In South Australia, the orange plumage of the Adelaide rosella suggests hybridisation between crimsons and yellows, but both MtDNA and microsatellite evidence shows the Adelaide form has more in common genetically with crimsons than yellows. The authors speculate that the range now occupied by the oranges may never have been occupied by either crimsons or yellows – early hybrids may have established their own environmental niche.

The final hypothesis is in situ vicariant differentiation, which predicts that all of today’s Adelaide, crimson, yellow and Western Slopes populations evolved in allopatry – in geographic isolation – and should be genetically independent.

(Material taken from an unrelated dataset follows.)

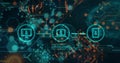 Image of flowchart icons and computer language over circuit board pattern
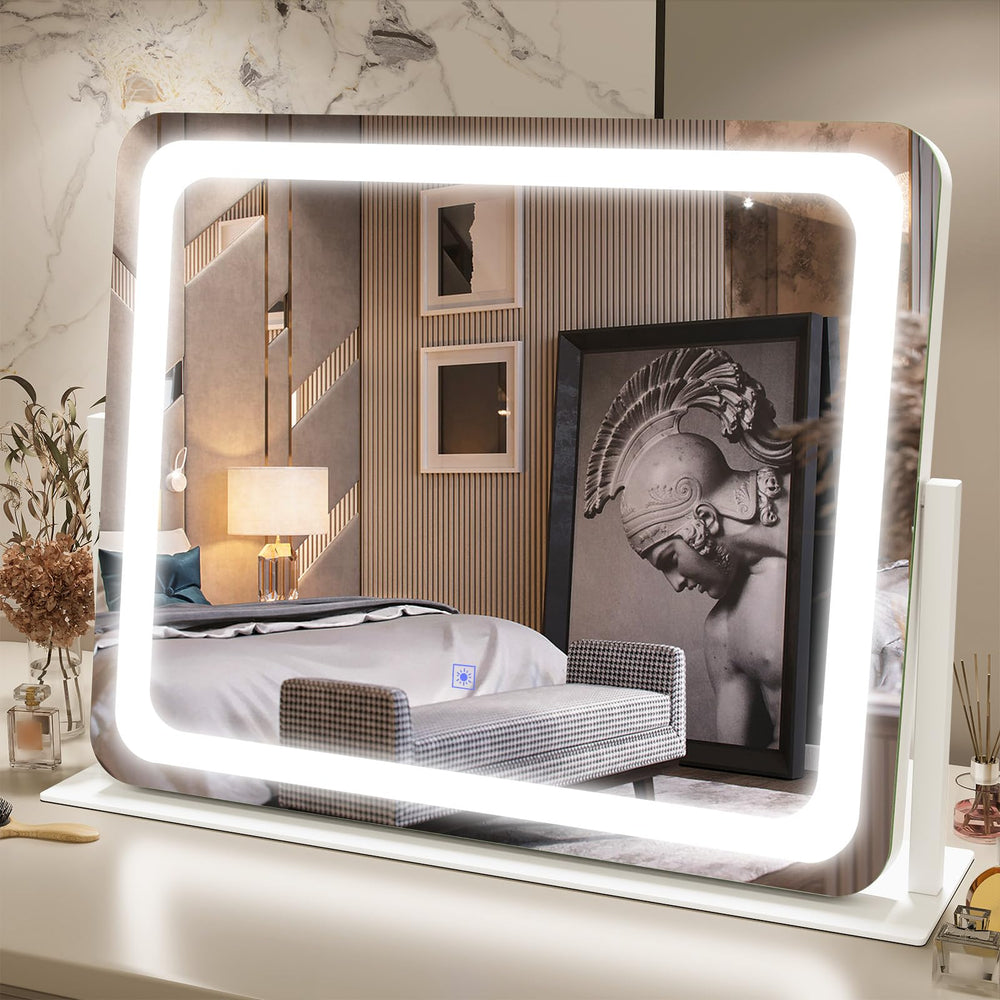 FENNIO vanity mirror with lights front view showing even illumination for makeup.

Under this scenario, the orange Adelaide race evolved from an ancestral crimson population through genetic drift in isolation, and thus retains its mtDNA signature, but also shows evidence of occasional introgression by the yellow race. But this does not explain why the mtDNA of the Adelaide race clusters with the Kangaroo Island race.

Nor does it explain the phenotypic similarity of the orange Adelaide and Western Slopes races, or why the Kangaroo Island mtDNA haplotypes cluster with the Adelaide and yellow in different areas. The hypothesis also fails to explain why yellow, crimson, Adelaide and Western Slopes rosellas are not genetically independent.

The Deakin researchers studying the complex have recently predicted that the onset of more arid conditions with global warming could see the yellow colour form expand its range, at the expense of the crimson form. Rainfall over the southern Murray Darling Basin has already declined by around 20 per cent since the 1970s and is predicted to fall by another 20 per cent by 2030.